First, we need to create the volume by creating a persistent volume claim:

cat <<EOF | kubectl apply -f -
    apiVersion: v1
    kind: PersistentVolumeClaim
    metadata:
      name: nginx-nfs-test
    spec:
      accessModes:
        - ReadOnlyMany
      storageClassName: nfs-client
      resources:
        requests:
          storage: 10Mi
EOF

We can confirm that the volume has been created by running kubectl get pvc, and if you check the /srv/nfs/kdata/ directory on vm-kcontrol, you'll see that a new sub-directory has been created for the volume.

Inside that directory, create a file called index.html and put some content in it (this is the file that nginx will serve).

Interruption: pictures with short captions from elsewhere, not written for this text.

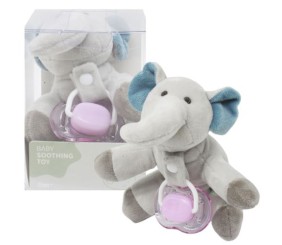 Тримач для пустушки (+ пустушка), рожевий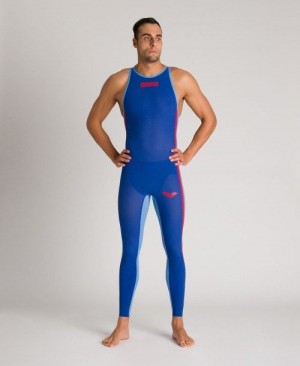 Pánské Plavky Arena Powerskin R-evo+ Open Water Suit - Closed Back Viacfarebný | 7098-WQEAG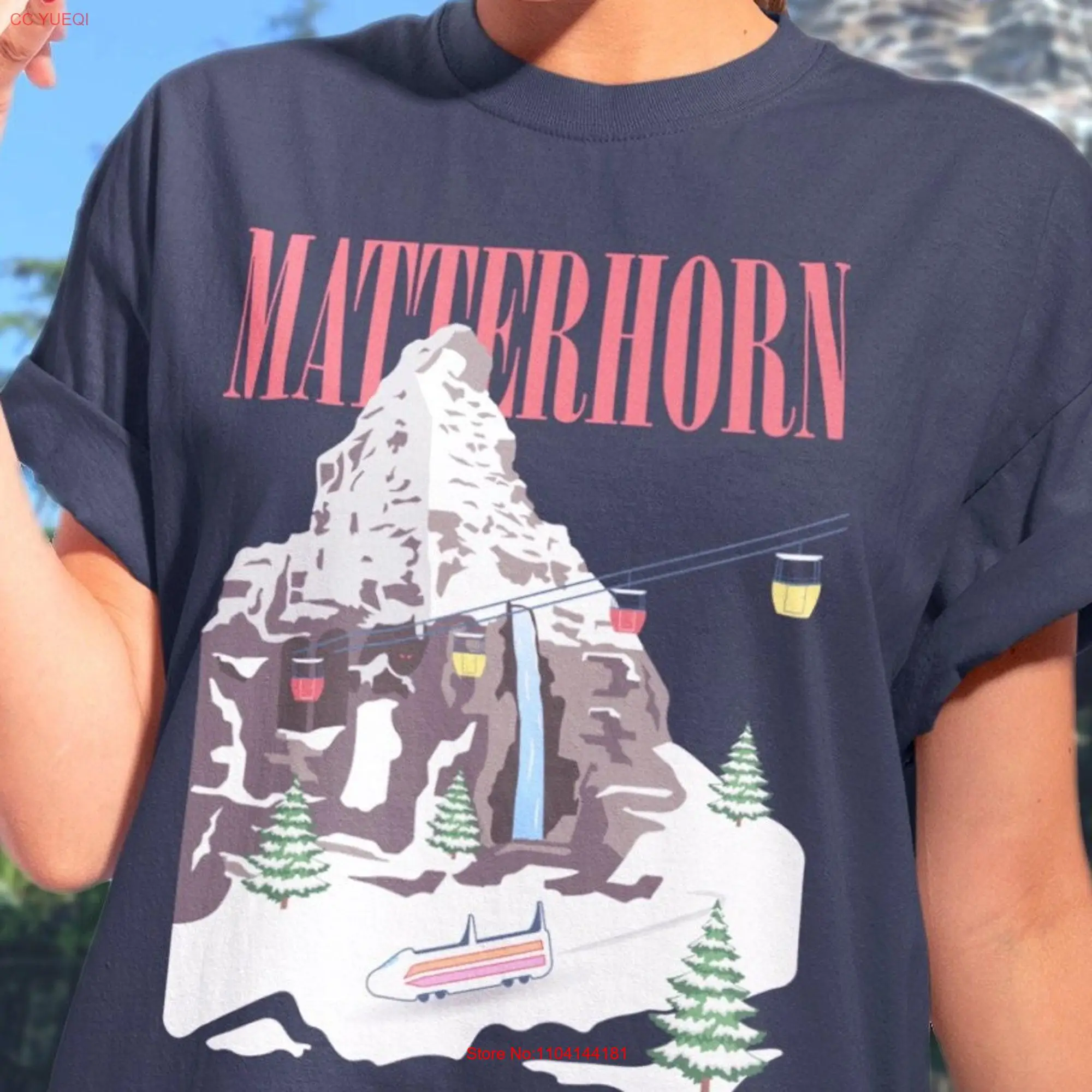 Matterhorn Bobsleds T Shirt long or short sleeves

Next, we want to create an nginx deployment that mounts this newly-created volume at /usr/share/nginx/html/, so that when we connect to nginx, we will see the index.html we just created:

cat <<EOF | kubectl apply -f -
    apiVersion: apps/v1
    kind: Deployment
    metadata:
      labels:
        app: nginx-nfs-test
      name: nginx-nfs-test
    spec:
      replicas: 2
      selector:
        matchLabels:
          app: nginx-nfs-test
      template:
        metadata:
          labels:
            app: nginx-nfs-test
        spec:
          volumes:
          - name: nginx-nfs-test
            persistentVolumeClaim:
              claimName: nginx-nfs-test
          containers:
          - image: nginx
            name: nginx
            volumeMounts:
            - name: nginx-nfs-test
              mountPath: /usr/share/nginx/html
              readOnly: true
EOF

Finally, we create a service to make nginx available to the outside:

cat <<EOF | kubectl apply -f -
    apiVersion: v1
    kind: Service
    metadata:
      name: nginx-nfs-test
    spec:
      type: NodePort
      selector:
        app: nginx-nfs-test
      ports:
        - protocol: TCP
          port: 80
          nodePort: 30333
EOF

If you open vm-knode1:30333 in a browser, you should see the index.html file you created before. Even if you reboot the nodes, this will still be case, thus demonstrating that the storage is persistent, even after the pods have been deleted and re-created.

References

References
1 In other words, servers that you're happy to kill off.
2 In other words, not necessarily the vm-kcontrol server (although it can be).